Everything in the records below from the line containing "Ukradli naturalne włosy" through the line containing "Hotel Tirreno Marina di Massa Exteriör bild" is to be reproduced exactly, those two lines included; no picture is to be copied.

*****

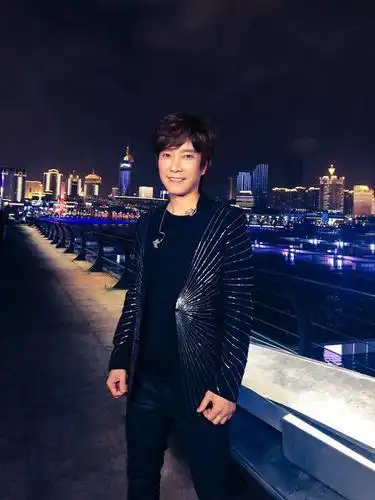 邰正宵燃情献唱央视《最佳时刻》零距离粉丝互动助力世界杯_手机搜狐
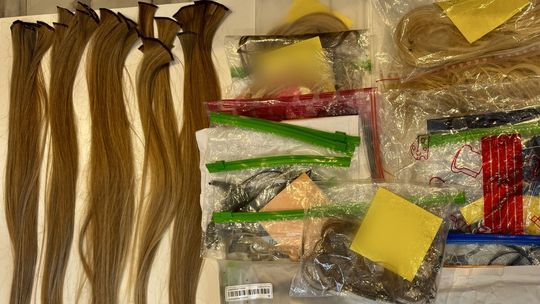 Ukradli naturalne włosy za ponad milion złotych. Trzy osoby zatrzymane na Pomorzu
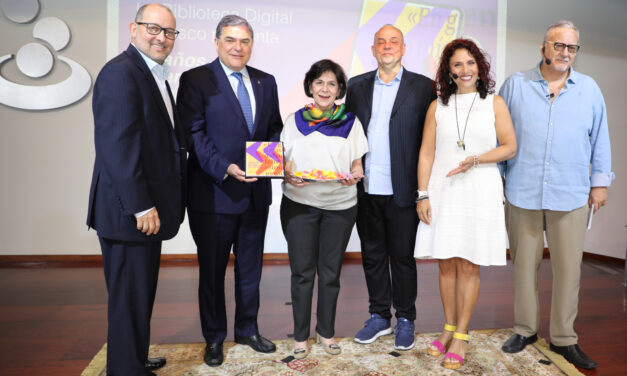Banesco publicó el libro 70 años de artículos de opinión en Venezuela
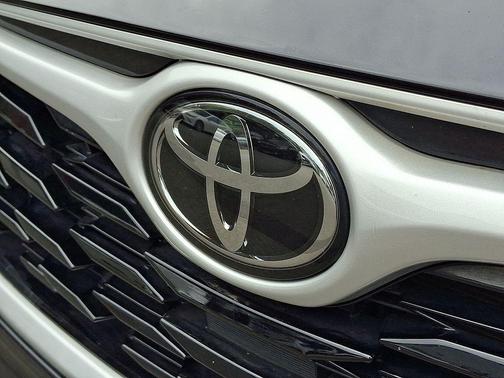 Midnight Black Metallic 2024 Toyota Highlander XLE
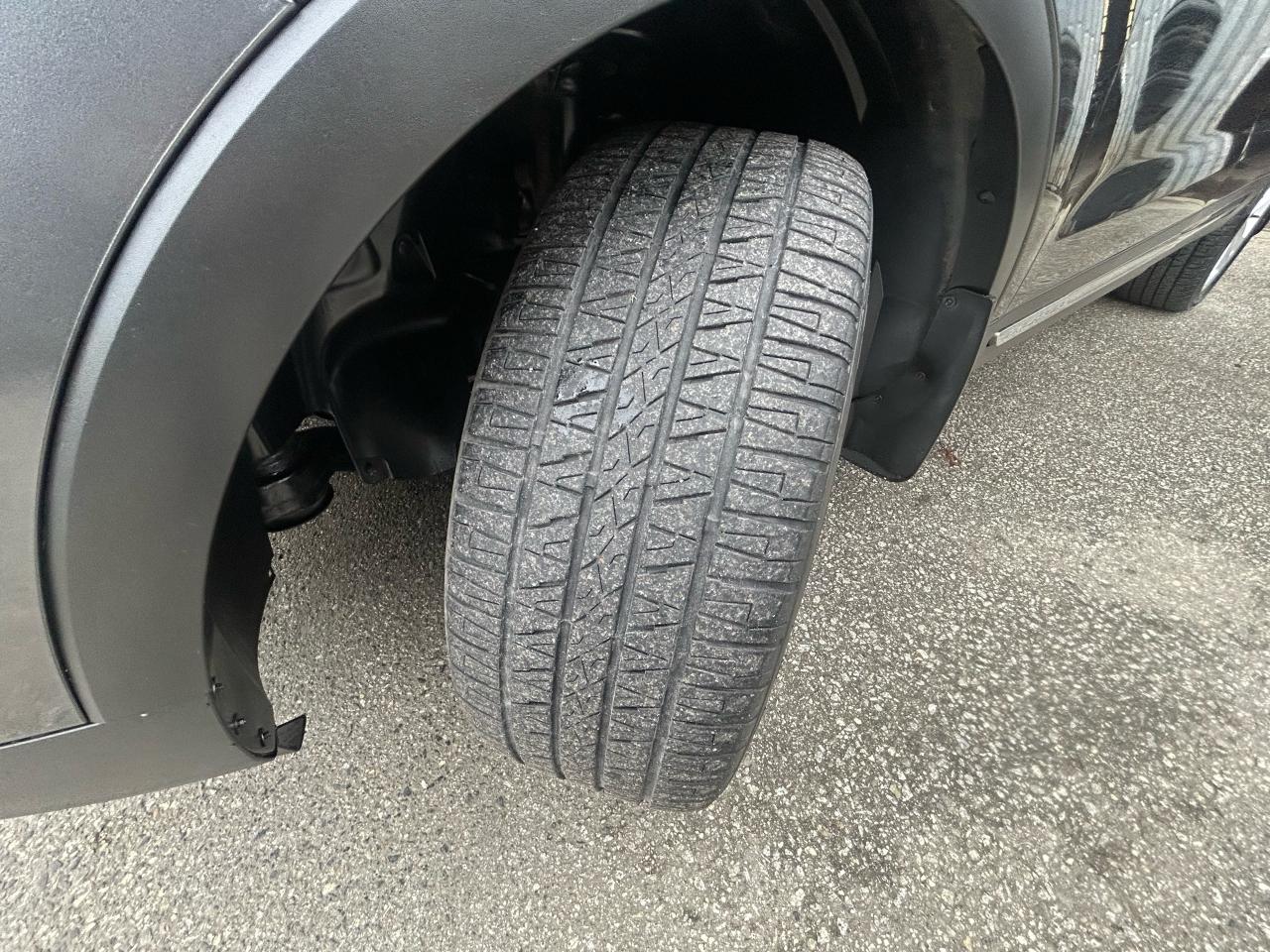 2017 Ford Explorer XLT - Photo #15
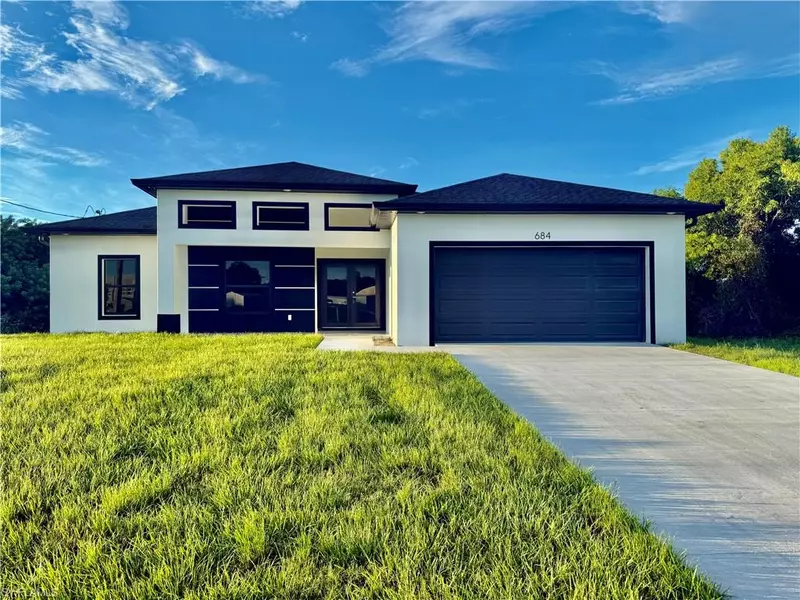 684 Kingsbury ST E, Lehigh Acres, FL 33974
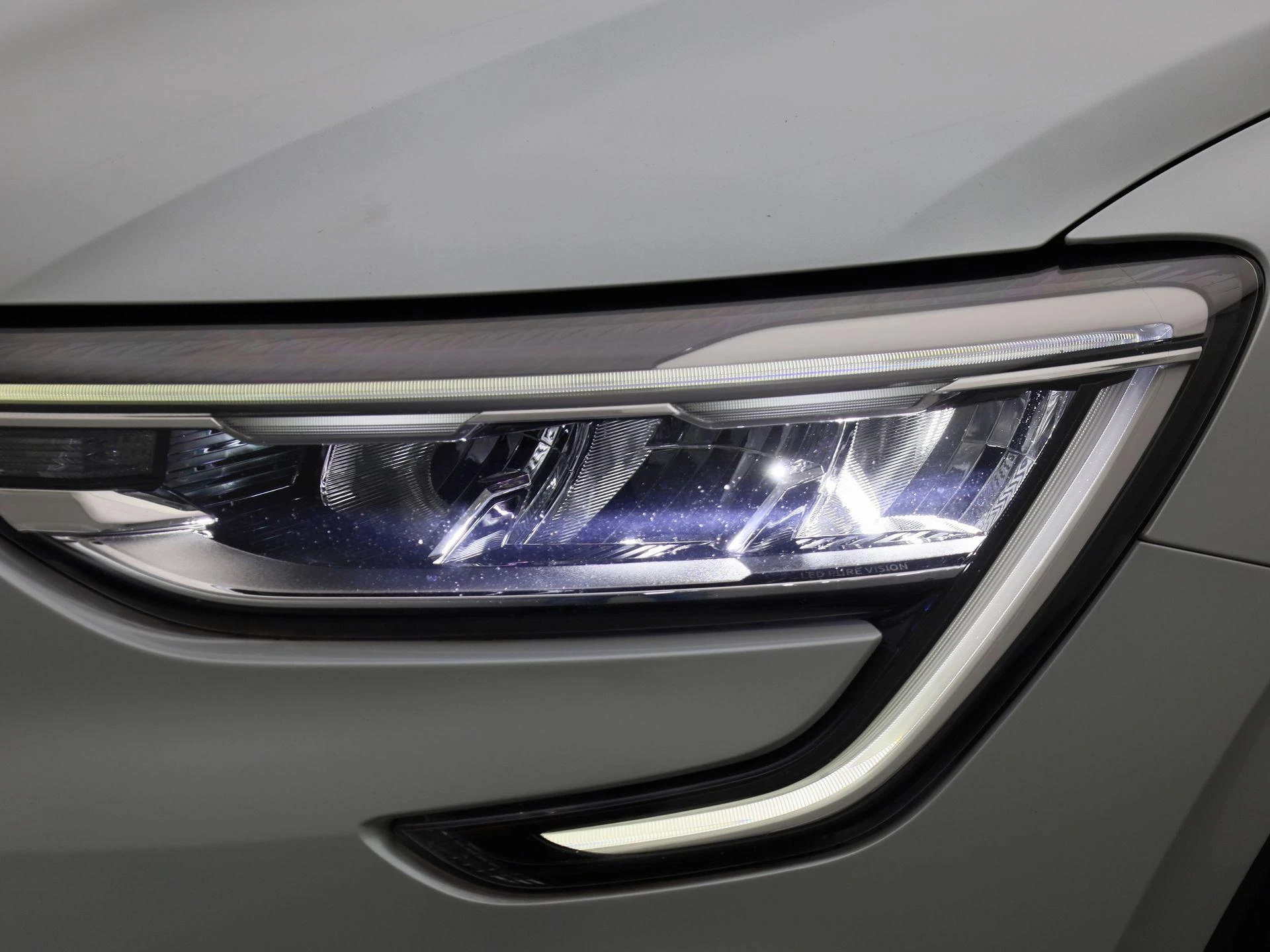 Renault-Arkana-image-12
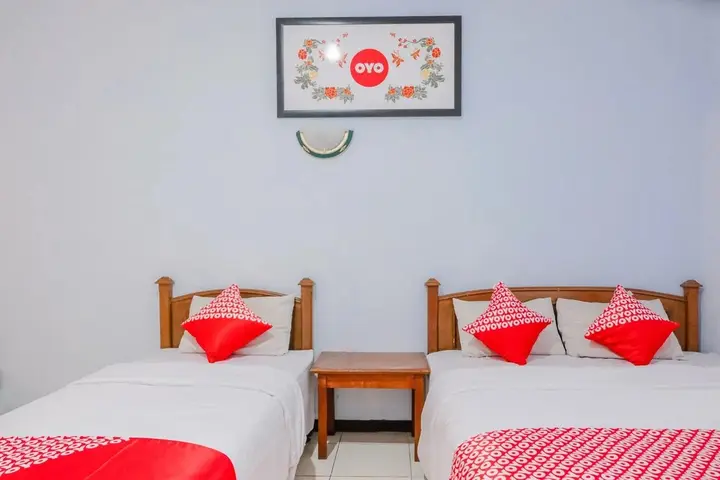 Маланг: Hotel Nugraha By OYO Rooms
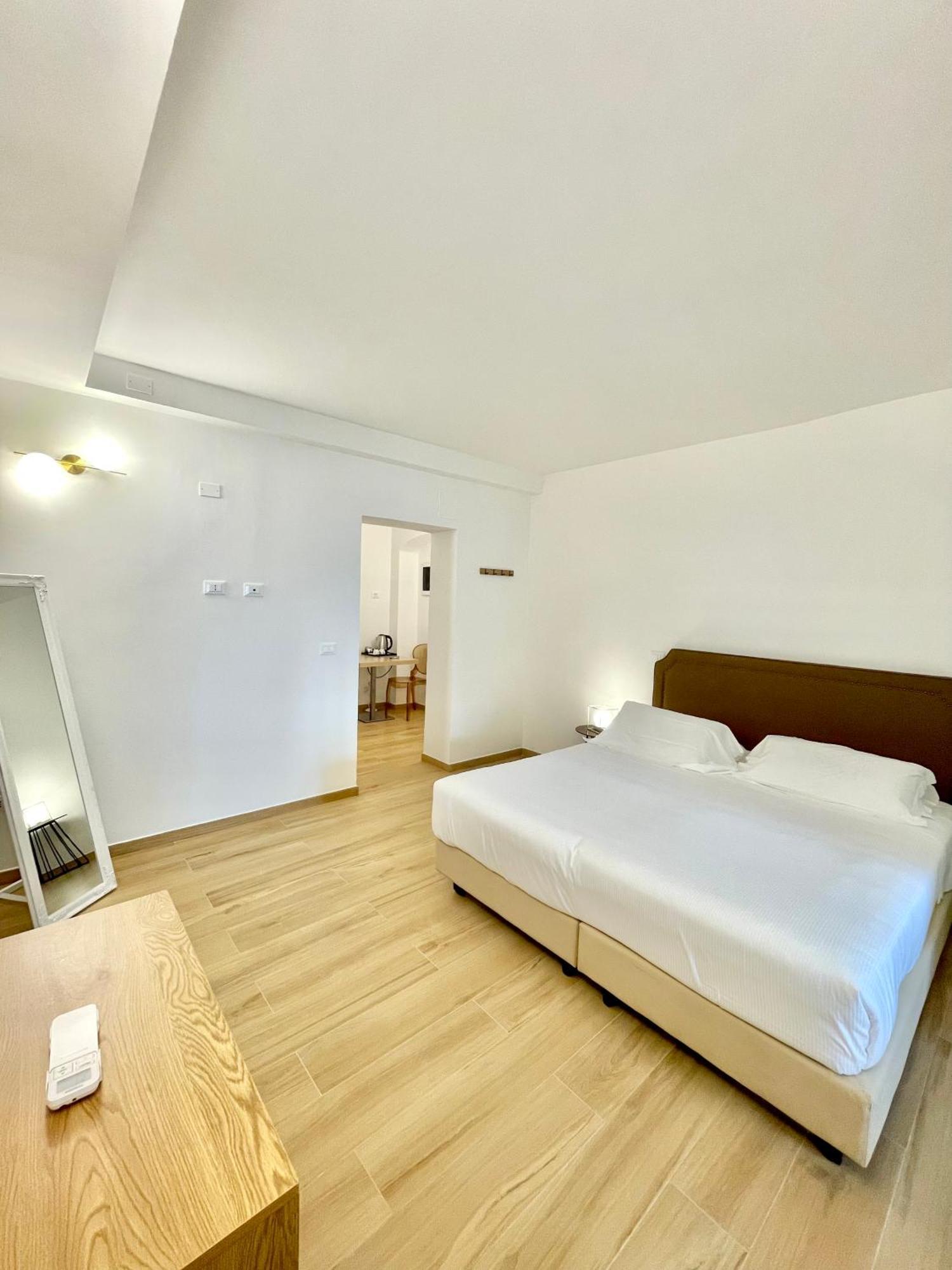 Hotel Tirreno Marina di Massa Exteriör bild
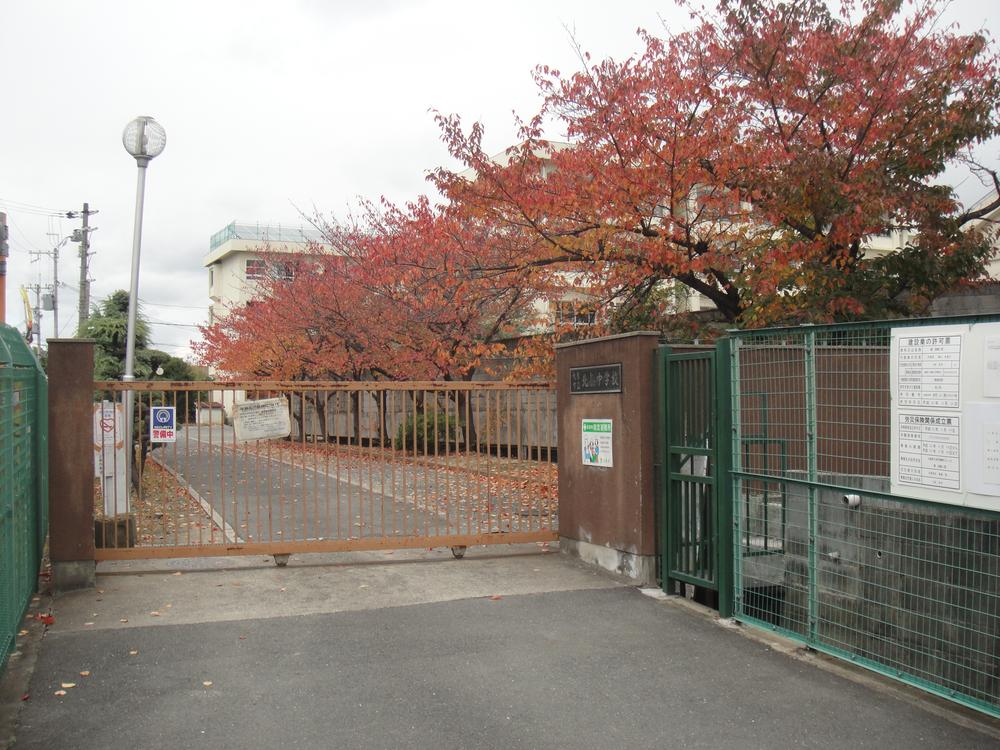 Junior high school. Hojo junior high school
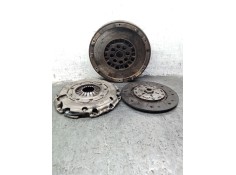 Recambio de kit embrague para opel astra j sedán 1.6 cdti (69) referencia OEM IAM 55574452 55574453 55574450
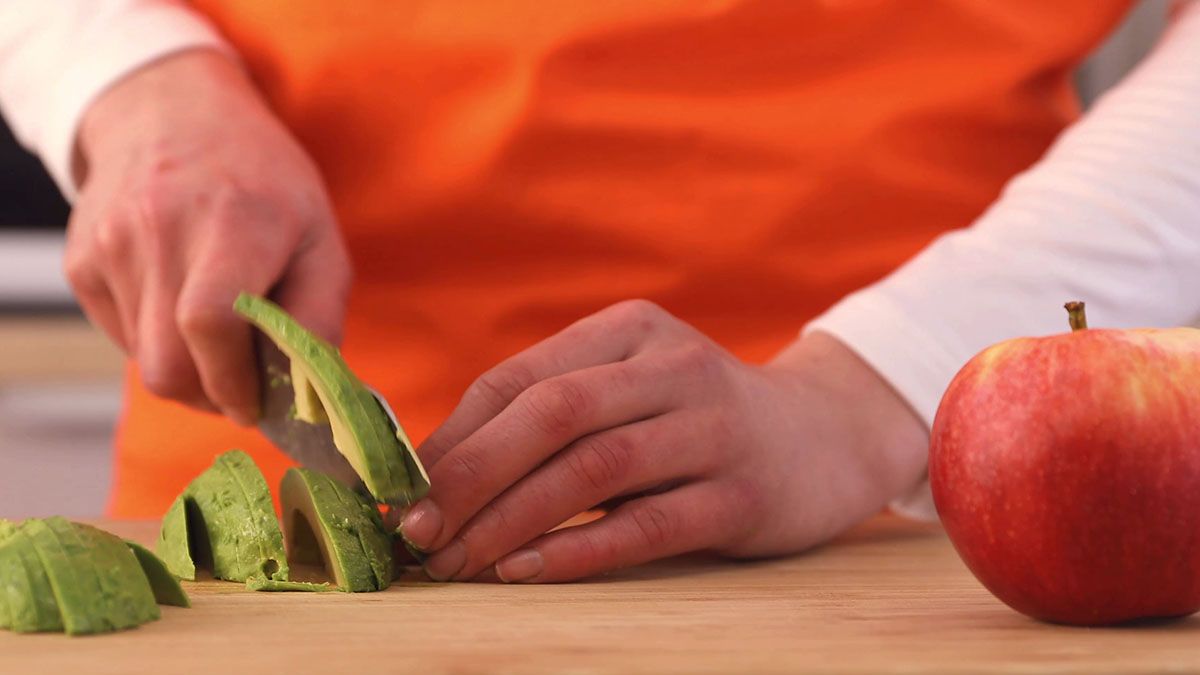 Ensalada de pollo, aguacate, manzana y picatostes   paso 1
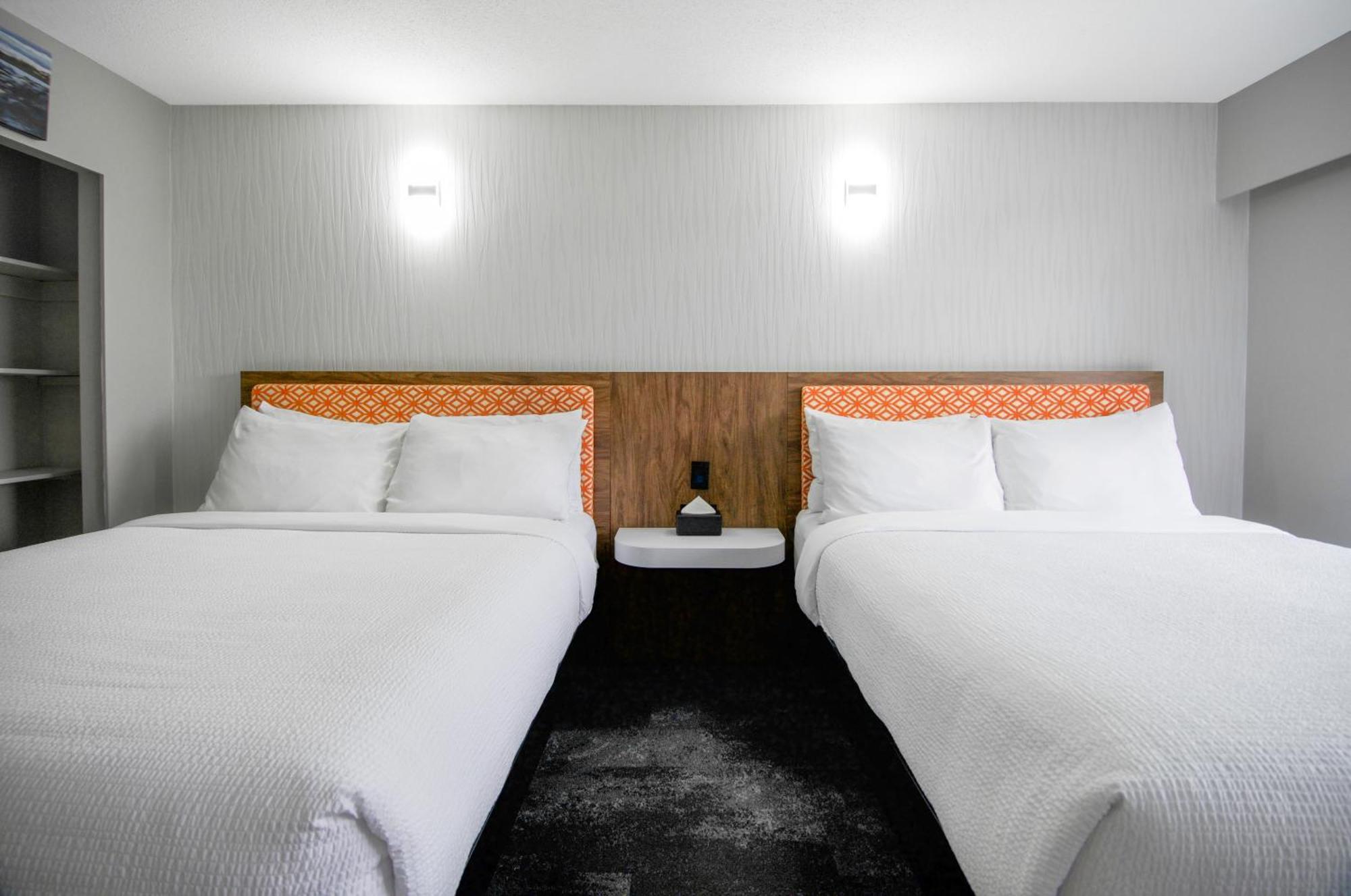 One-Bedroom Suite Two Queen Beds Non-Smoking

*****

Exercise answer -
 Ukradli naturalne włosy za ponad milion złotych. Trzy osoby zatrzymane na Pomorzu
Banesco publicó el libro 70 años de artículos de opinión en Venezuela
 Midnight Black Metallic 2024 Toyota Highlander XLE
 2017 Ford Explorer XLT - Photo #15
 684 Kingsbury ST E, Lehigh Acres, FL 33974
 Renault-Arkana-image-12
 Маланг: Hotel Nugraha By OYO Rooms
 Hotel Tirreno Marina di Massa Exteriör bild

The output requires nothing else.